Una muestra de que el concepto de nación, siendo subjetivo, puede 
aplicarse por cualquier motivo (por ejemplo, la lengua) siempre que sea 
voluntariamente compartido por un pueblo. 
Catalunya
 es una nación por voluntad expresa de la mayoría de la población y 
nadie, ningún tribunal, puede negarle esa condición. Lo ha demostrado 
fehacientemente. La comparación más destructiva con la ridícula manifa 
de ayer es con la participación en el referéndum del 1-O. A un 
llamamiento en pro de la respectiva nación, al de la catalana acuden más
 de dos millones en condiciones de amenaza, hostigamiento y represión, 
mientras que al de la española solo lo hacen 45.000, en jornada 
tranquila y con el viaje pagado. 
Nadie
 duda de que España sea una nación, aunque solo acudan a su angustioso 
llamado 45.000 personas. Menos, pues, ha de dudarse de que lo sea 
Catalunya, a cuyo llamado acuden millones. El derecho de Catalunya a ser
 tratada como lo que es, una nación, es igual al de España.

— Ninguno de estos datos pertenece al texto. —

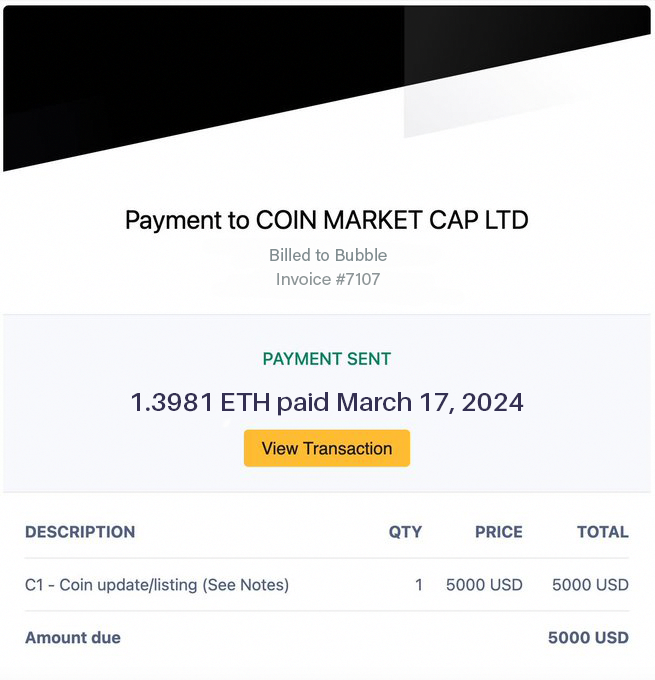 teamBubblebot's tweet photo. 💥💥CMC fast track paid!!! https://t.co/FOxpFWfw0O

No más, pero
 tampoco menos, y debe ser reconocido sin ambages como justo tributo a 
la voluntad tozuda, secular, de los catalanes de perserverar en su ser 
nacional. Quien falte al respeto a esta voluntad colectiva de otros no 
puede tenerlo por la que supone propia. 
Se
 dirá que, si la convocatoria de Colón hubiera ido firmada por todos los
 partidos españoles y no solo el trío de la bencina, la asistencia 
hubiera sido muy otra. Es posible, aunque muy dudoso, y, desde luego, 
impensable, dada la enemistad cerrada entre la derecha y la izquierda 
españolas. Porque este es el problema: los nacionalistas españoles no 
comparten la idea de España, mientras que los indepes catalanes sí 
comparten la suya de Catalunya: una República independiente.
Cuando el servicio municipal de limpieza retire las ajadas banderas que ayer ondeaban al viento,
 y se aquiete la barahúnda, se verá que España, el Estado español, no 
tiene nada que ofrecer a Catalunya y, por eso, no quiere negociar. Se 
verá también que tampoco está en condiciones de amenazar porque, en 
contra de los augurios de los medios unionistas, carece de apoyo 
popular. Y, por eso, no tiene otro remedio que negociar.  
Sánchez
 insiste en que el independentismo no es mayoritario en Catalunya. Nadie
 sabe de dónde saca ese dato cuando los conocidos dicen lo contrario. Es
 decir, Sánchez miente porque teme que, si se autoriza el referéndum, lo
 pierde. Como todas las mentiras, se mueve en el terreno de la 
confusión. Lo que sí está claro, en cambio, es que lo que no es 
mayoritario en España es el unionismo vociferante, reaccionario, 
nacional-católico y franquista.
Un
 juego político democrático, propio de un Estado de derecho, abriría 
está posibilidad. El coste para Sánchez sería alto, pero fugaz: bastará 
con que olvide la machada de que, mientras él sea presidente del 
gobierno, no reconocerá el derecho de autodeterminación. Si le molesta 
tragarse sus recientes palabras (aunque en otras ocasiones no tuvo 
reparos), sírvase de precedentes. 
 
El rey Balduino de Bélgica abdicó 
transitoriamente para no tener que sancionar una ley pro aborto que iba 
contra sus convicciones. Pasada la ley, Balduino recuperó su trono. Haga
 lo mismo Sánchez: pida una excedencia mientras se acuerda un referéndum
 de autodeterminación en Catalunya, que es la única salida a este 
conflicto.
Vuelva
 el gobierno a la mesa de negociación, de donde no debió levantarse por 
miedo a los energúmenos. Vuelva y entable negociaciones en las que pueda
 hablarse de autodeterminación. Recupere el relator y hasta asciéndalo a
 mediador. Era una buena idea.  No se arredre por la farsa judicial. 
Desentiéndase de ella. Es el mismo barullo que en Colón, pero con togas. 
 
Y no me extrañaría que algunos magistrados hubieran ido a la 
concentración. Lo de las presas y exiliados es una injusticia que ha de 
resolverse; y de autodeterminación hay que hablar. Las ideas no muerden.
 Muerden quienes las prohíben, y ahora se ha demostrado que los que las 
prohíben quieren seguir mordiendo; pero ya no tienen dientes.
Solo los que quiera prestarle el gobierno con la excusa de la continuidad institucional.